**GOAL OF THE EXERCISE**:
Please return the full listing word for word, leaving out any pictures.

▽

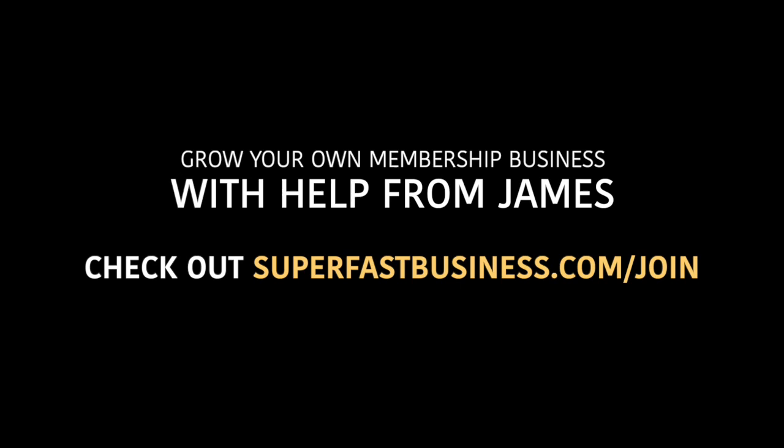John, as always, an absolute pleasure. Next time we chat we might be talking about getting traffic to your membership site — I'm looking forward to that one. Thank you very much. Take care. Discover how to build your business super fast — check out superfastbusiness.com.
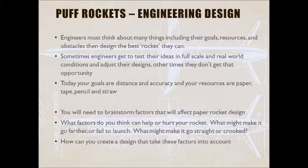Today you know that your goals are distance and accuracy, and your resources are paper, tape, a pencil, and a straw. You're going to have to brainstorm — without being able to test — some factors that you think will affect your paper rocket design.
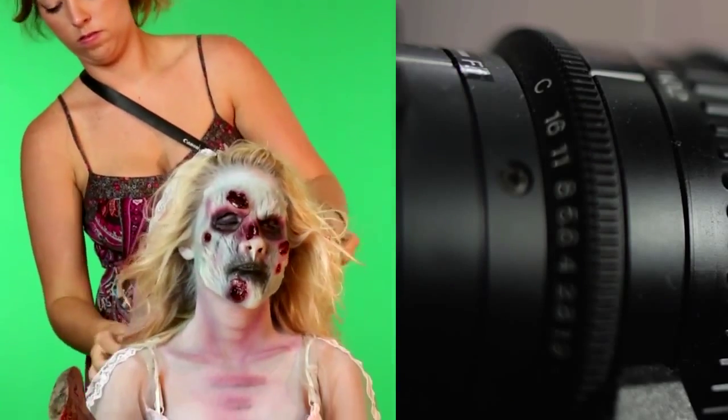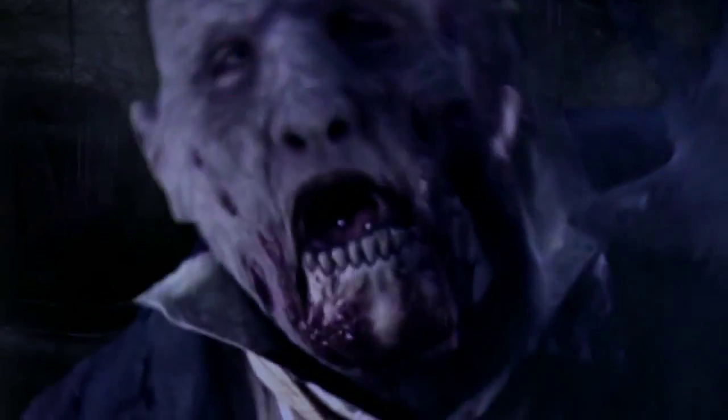All you need to display the effects is a TV monitor or projector and a video playback unit. The effects on the DVD mix live-action with Hollywood-level CGI effects, offering your haunt a high-tech CGI animation at affordable prices.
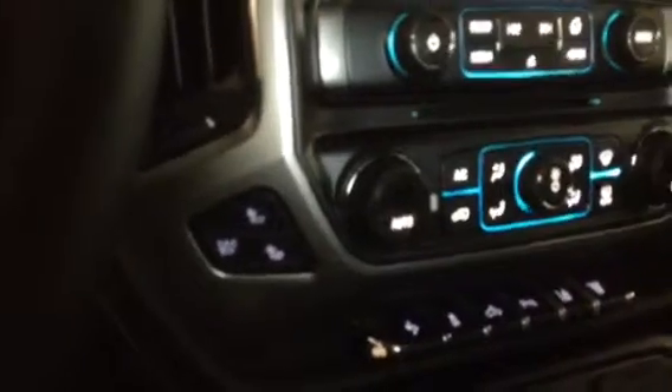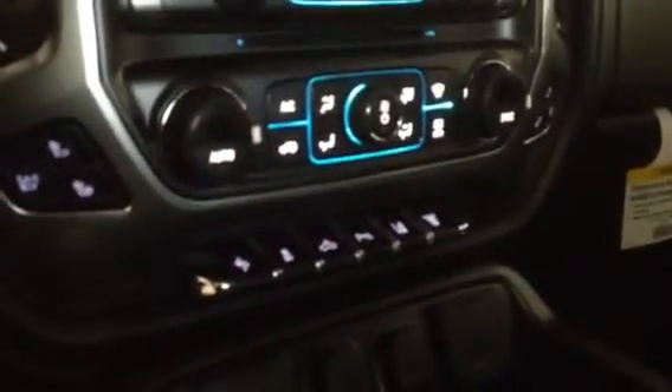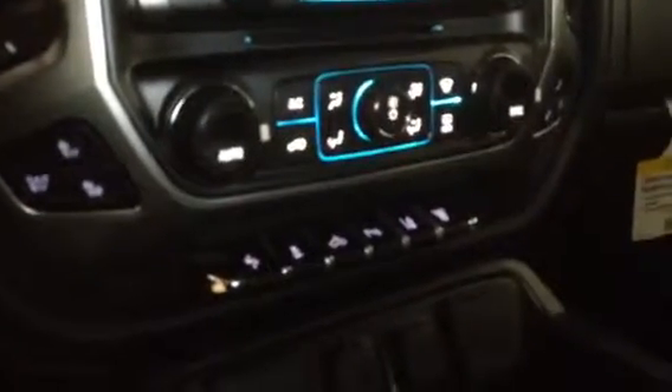You also have dual heated and cooled seats in the front. You have toggles for your pedals, traction control, box lights, and park assist.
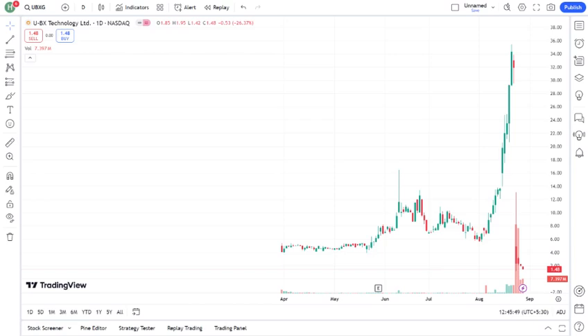Looking ahead, the future for UBXG could be promising if — mention any conditions like market trends, company performance, or external factors. Analysts are predicting — mention any analyst predictions or your own thoughts on where the stock could be headed.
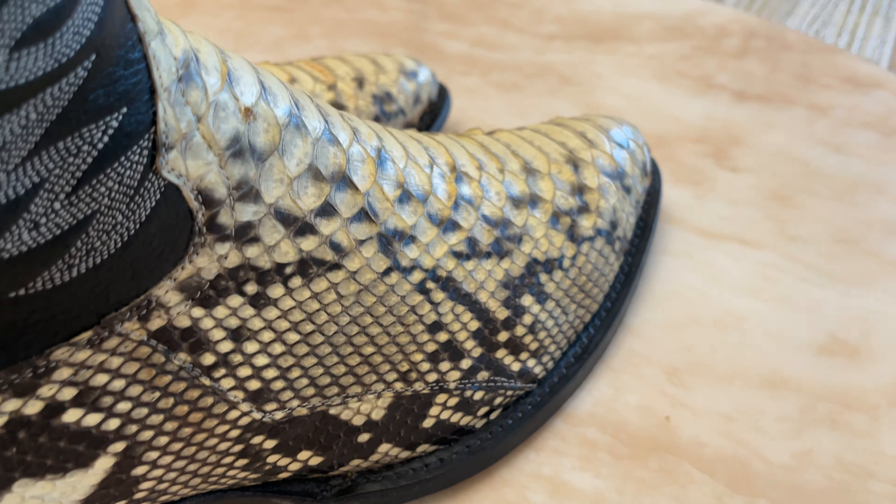You can see the scales are very nice — nice python. These are size 13D. I do have a boot tree in all my boots, which is why you can see they look filled out and not wrinkled. That's why I recommend boot trees for every pair of boots or shoes you may have. It's a Cowtown Boot J-toe, so they're not as pointy as other J-toes, but this is their version.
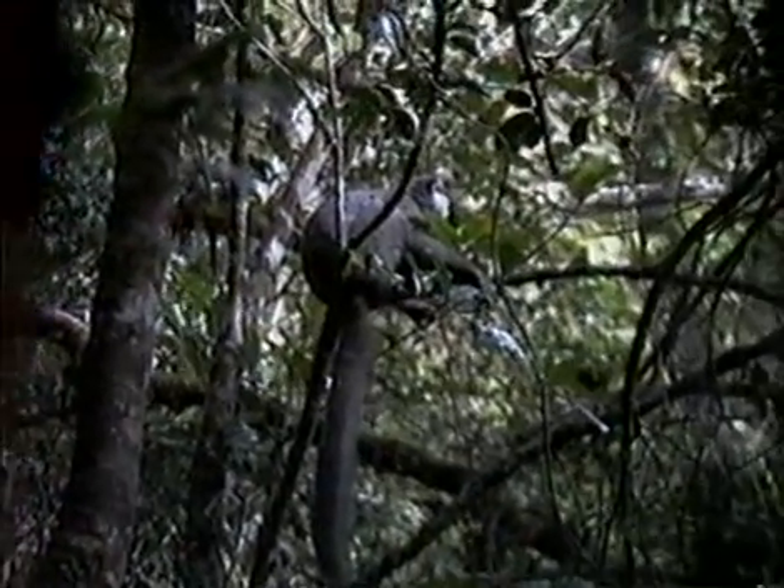Brown lemurs also have dental combs made up of their lower incisors and canines, which they use to groom themselves with rapid repeated movements of the head. Attempting to take observations on a two to four kilogram animal living high in dense forest cover can be quite difficult. It is sometimes hard to tell exactly what they are doing, even if you can see them fairly well. They are quite flexible and use their teeth to groom arms, legs, belly, flanks, and tail.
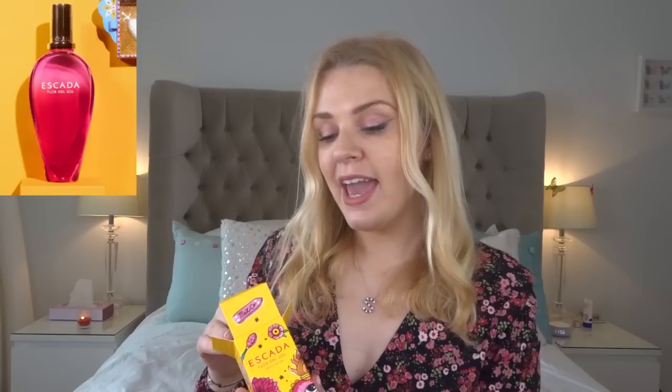The new one from Escada released in 2020 — Flor del Sol — is a Mexico-inspired perfume. It has tequila, grenadine, and orange, so imagine an orange tequila cocktail. In the dry-down you get a dahlia and floral note. I've been to Mexico twice and it reminds me of tequila shots and cocktails with the smell of tropical flowers around you. It's a really fun summer option.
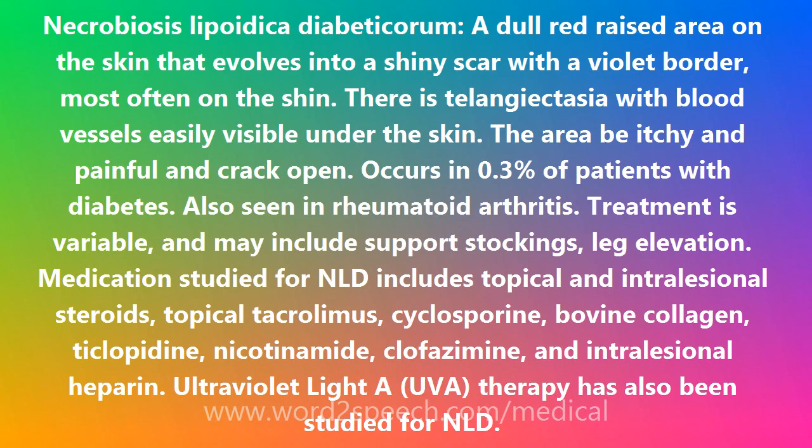Treatment may include support stockings and leg elevation. Medications studied for NLD include topical and intralesional steroids, topical tacrolimus, ciclosporine, bovine collagen, ticlopidine, nicotinamide, clofazimine, and intralesional heparin. Ultraviolet light PUVA therapy has also been studied for NLD.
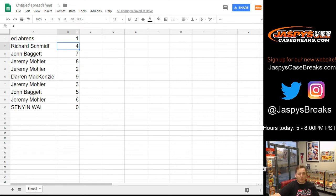Ed, you got number one. Richard, number four. John, number seven. Jeremy 33 gets number eight and two. Darren gets number nine. Jeremy gets number three. John B, you get number five. Jeremy, you get number six. And Senyon, you get number zero.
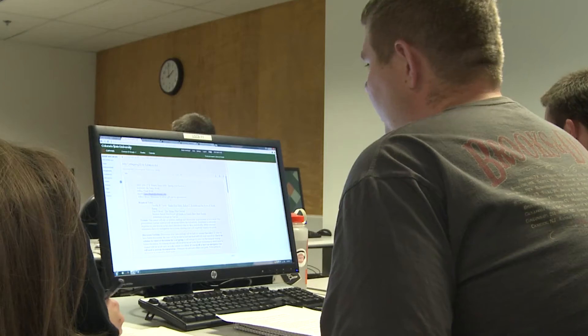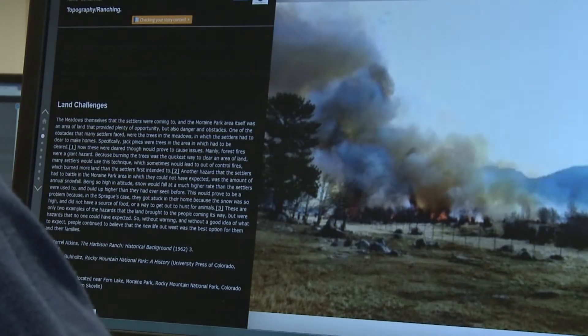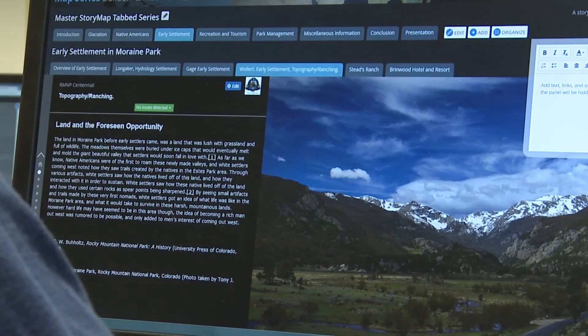A story map is essentially a digital platform for disseminating historical and geographical knowledge. It's basically a fancy PowerPoint, but with awesome features that show traffic roads and where fires were. It's an unbelievable program. I definitely see it being extremely useful in future years, and I can't wait to use it more often.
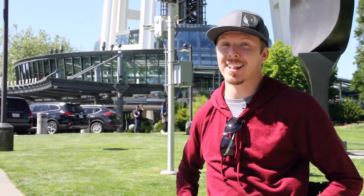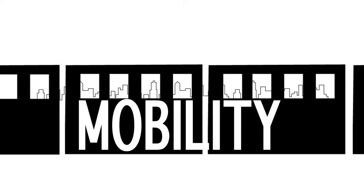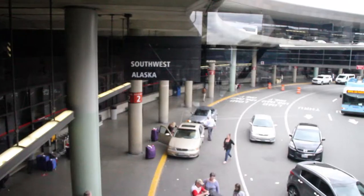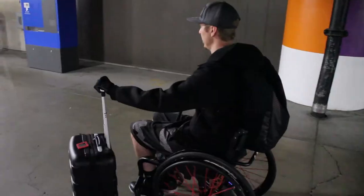I'm Aaron Baker, SHIELD Healthcare Spinal Cord Injury Lifestyle Specialist, and this is Mobility in the City, Seattle. I just landed here at the Seattle-Tacoma Airport. I'm going to go explore this beautiful city of Seattle, all from my wheelchair.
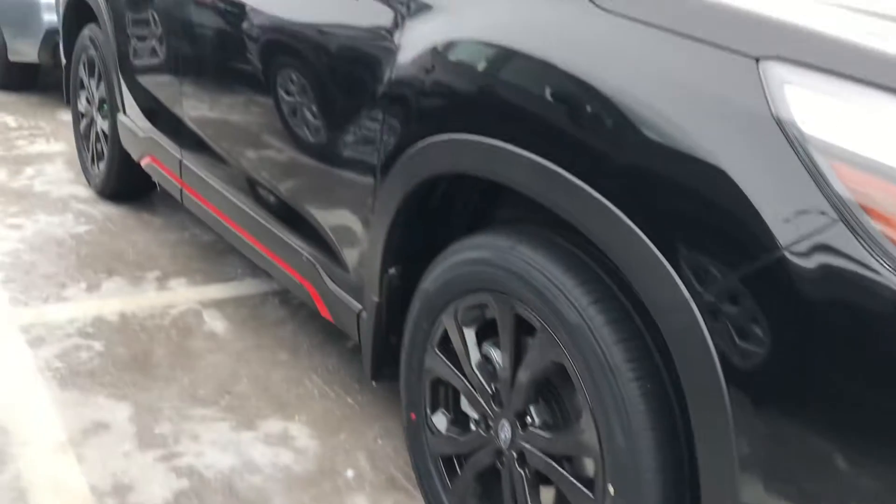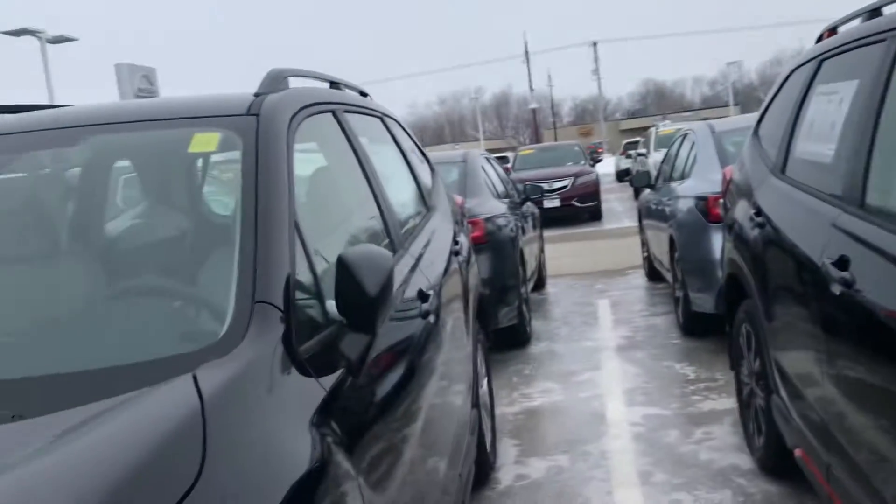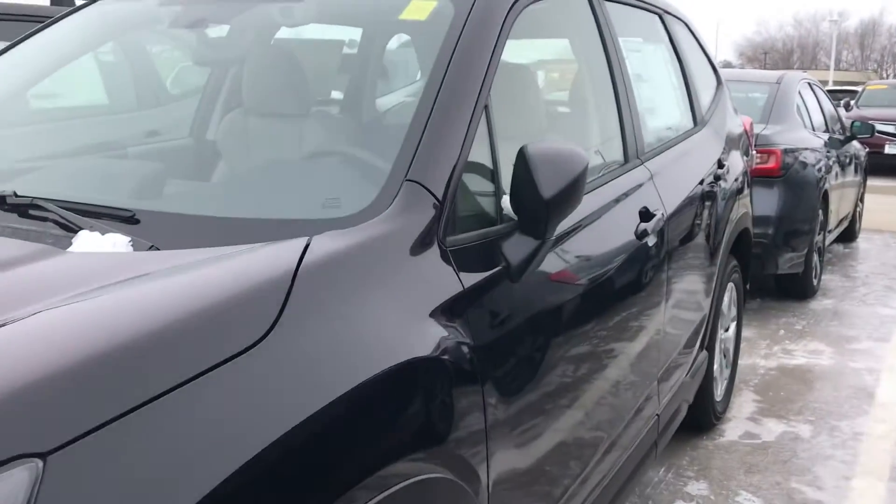This one here is a sport model. I love the blacked out wheels with that — it looks awesome. And then we do have even down to the base model like this one here.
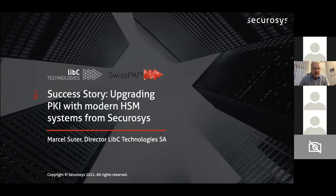The next presenter is Marcel Sutter from LIBC. Marcel is also the founder and CEO of LIBC. He did his master's in computer science at Dartmouth and he's trying to reach us from Africa.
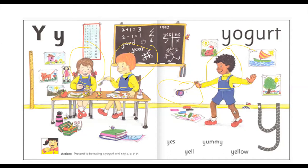Let's look at the picture and see if we can see anything else that begins with the Y sound. Let me ask you, what color is the friends' jerseys? What color is it? It is Y, Yellow. Good.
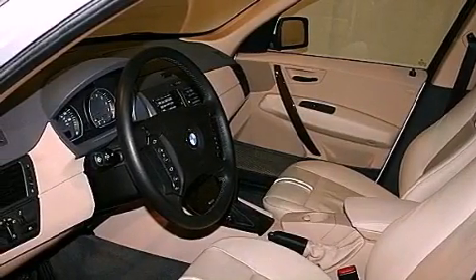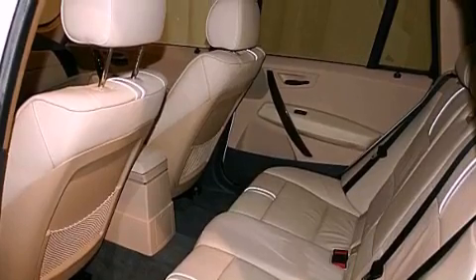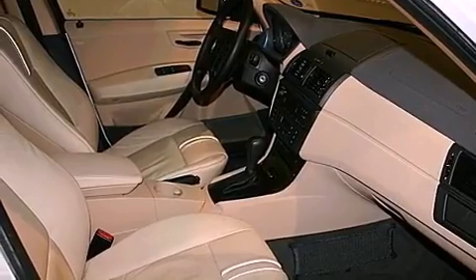The following features are also included: heated seats, air conditioning with automatic climate control, cruise control, a multi-disc CD player, and interior wood trim accents.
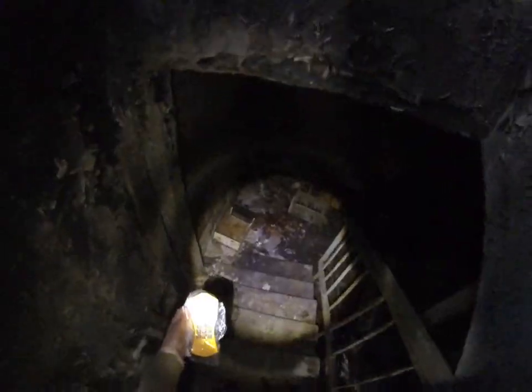On with the Chernobyl story. Right now we're making our way into the basement of hospital number 126, where the first victims of the Chernobyl disaster have been brought to. You can find lots of very, very contaminated clothing — among them firefighters' clothing — in the basement of that hospital. So we're checking that out right now.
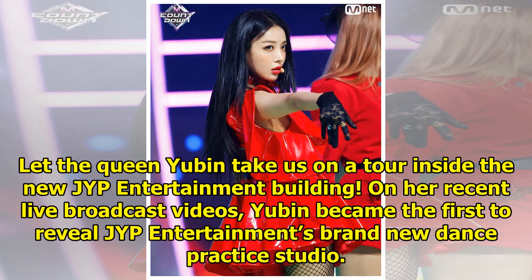Let Queen Yubin take us on a tour inside the new JYP Entertainment building. On her recent live broadcast videos, Yubin became the first to reveal JYP Entertainment's brand new dance practice studio.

△

**RESPONSE AREA**:
John, as always, an absolute pleasure. Next time we chat we might be talking about getting traffic to your membership site — I'm looking forward to that one. Thank you very much. Take care. Discover how to build your business super fast — check out superfastbusiness.com.
Today you know that your goals are distance and accuracy, and your resources are paper, tape, a pencil, and a straw. You're going to have to brainstorm — without being able to test — some factors that you think will affect your paper rocket design.
All you need to display the effects is a TV monitor or projector and a video playback unit. The effects on the DVD mix live-action with Hollywood-level CGI effects, offering your haunt a high-tech CGI animation at affordable prices.
You also have dual heated and cooled seats in the front. You have toggles for your pedals, traction control, box lights, and park assist.
Looking ahead, the future for UBXG could be promising if — mention any conditions like market trends, company performance, or external factors. Analysts are predicting — mention any analyst predictions or your own thoughts on where the stock could be headed.
You can see the scales are very nice — nice python. These are size 13D. I do have a boot tree in all my boots, which is why you can see they look filled out and not wrinkled. That's why I recommend boot trees for every pair of boots or shoes you may have. It's a Cowtown Boot J-toe, so they're not as pointy as other J-toes, but this is their version.
Brown lemurs also have dental combs made up of their lower incisors and canines, which they use to groom themselves with rapid repeated movements of the head. Attempting to take observations on a two to four kilogram animal living high in dense forest cover can be quite difficult. It is sometimes hard to tell exactly what they are doing, even if you can see them fairly well. They are quite flexible and use their teeth to groom arms, legs, belly, flanks, and tail.
The new one from Escada released in 2020 — Flor del Sol — is a Mexico-inspired perfume. It has tequila, grenadine, and orange, so imagine an orange tequila cocktail. In the dry-down you get a dahlia and floral note. I've been to Mexico twice and it reminds me of tequila shots and cocktails with the smell of tropical flowers around you. It's a really fun summer option.
Treatment may include support stockings and leg elevation. Medications studied for NLD include topical and intralesional steroids, topical tacrolimus, ciclosporine, bovine collagen, ticlopidine, nicotinamide, clofazimine, and intralesional heparin. Ultraviolet light PUVA therapy has also been studied for NLD.
Ed, you got number one. Richard, number four. John, number seven. Jeremy 33 gets number eight and two. Darren gets number nine. Jeremy gets number three. John B, you get number five. Jeremy, you get number six. And Senyon, you get number zero.
A story map is essentially a digital platform for disseminating historical and geographical knowledge. It's basically a fancy PowerPoint, but with awesome features that show traffic roads and where fires were. It's an unbelievable program. I definitely see it being extremely useful in future years, and I can't wait to use it more often.
I'm Aaron Baker, SHIELD Healthcare Spinal Cord Injury Lifestyle Specialist, and this is Mobility in the City, Seattle. I just landed here at the Seattle-Tacoma Airport. I'm going to go explore this beautiful city of Seattle, all from my wheelchair.
This one here is a sport model. I love the blacked out wheels with that — it looks awesome. And then we do have even down to the base model like this one here.
The next presenter is Marcel Sutter from LIBC. Marcel is also the founder and CEO of LIBC. He did his master's in computer science at Dartmouth and he's trying to reach us from Africa.
Let's look at the picture and see if we can see anything else that begins with the Y sound. Let me ask you, what color is the friends' jerseys? What color is it? It is Y, Yellow. Good.
The following features are also included: heated seats, air conditioning with automatic climate control, cruise control, a multi-disc CD player, and interior wood trim accents.
On with the Chernobyl story. Right now we're making our way into the basement of hospital number 126, where the first victims of the Chernobyl disaster have been brought to. You can find lots of very, very contaminated clothing — among them firefighters' clothing — in the basement of that hospital. So we're checking that out right now.
Let Queen Yubin take us on a tour inside the new JYP Entertainment building. On her recent live broadcast videos, Yubin became the first to reveal JYP Entertainment's brand new dance practice studio.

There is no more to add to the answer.